To avoid above problems, solution 3 added lazy loading. All information about tenants is stored in a central registry. Tenants are loaded into memory only when they are needed. Tenants get unloaded when they have been idle for more than a given timeout. You can find more information about Lazy loading from Azzez’s blog entry “Lazy Loading Deployment Artifacts in a PaaS Deployment”.

Solution 4
When tenants have several artifacts, loading them takes time. So if the tenant is accessed while it has not been loaded in solution 3, first request or two to the tenant will timeout.

Solution 4 added ghost deployer to solve the above problem. Ghost deployer does not load all information about tenants, but just loads the metadata. Actual artifacts are loaded on demand. As a result, loading a tenant has become a much simpler in Solution 4. So this avoids requests from timing out while loading the tenant. You can also find more information about Lazy loading from Azzez’s blog entry “Lazy Loading Deployment Artifacts in a PaaS Deployment”.

Solution 5
However in the solution 4, LB does not scale to handle a large number of requests. So we replace the LB with multiple LBs that have same metadata in all nodes. Therefore, all LB will take the same decision when it received a request. We can use this model to scale Stratos by placing a hardware Load balancer or setting up DNS round robin to distributed requests among LBs.

To synchronize the metadata across all LBs, we can use group communication. That is a MXM communication, which is heavy. Instead,  LBs in Stratos are designed to send updates as batches to a single decision service, and the decision service takes auto-scaling decisions. We enforce High Availability by running a replica of the decision service and keeping it up-to-date via state replication through group communication.

Solution 6
However, in Solution 5, LB instances are not aware of tenants. Due to lazy loading, all requests will work even through LBs route messages arbiterly. However, this might lead to a scenario where a single node has to load too many tenants.

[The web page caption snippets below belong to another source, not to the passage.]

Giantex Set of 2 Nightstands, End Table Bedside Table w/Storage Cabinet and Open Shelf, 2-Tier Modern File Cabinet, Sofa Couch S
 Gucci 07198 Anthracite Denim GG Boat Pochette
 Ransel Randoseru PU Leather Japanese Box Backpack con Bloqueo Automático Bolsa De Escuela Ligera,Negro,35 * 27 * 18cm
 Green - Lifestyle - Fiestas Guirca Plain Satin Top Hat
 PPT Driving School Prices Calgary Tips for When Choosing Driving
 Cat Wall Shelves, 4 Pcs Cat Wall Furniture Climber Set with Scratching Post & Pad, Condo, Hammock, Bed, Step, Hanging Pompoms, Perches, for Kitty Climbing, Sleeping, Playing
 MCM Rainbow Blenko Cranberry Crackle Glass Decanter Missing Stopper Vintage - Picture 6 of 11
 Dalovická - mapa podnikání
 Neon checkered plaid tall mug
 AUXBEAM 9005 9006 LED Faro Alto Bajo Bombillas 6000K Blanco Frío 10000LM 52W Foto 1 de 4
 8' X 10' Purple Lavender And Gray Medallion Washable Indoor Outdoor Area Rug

To avoid this, in the solution 6, LBs are aware of tenants and allocate only a subset of tenants to each LB. You can find more information from the Sajeewa’s blog entry, WSO2 Tenant Aware Load balancer.

Solution 7
Upcoming Stratos release will follow the solution 6. However, the next potential problem is that Registry which holds the configurations and resources of all tenants could not scale to handle a large number of tenants. Hence the registry needs to be partitioned across multiple users.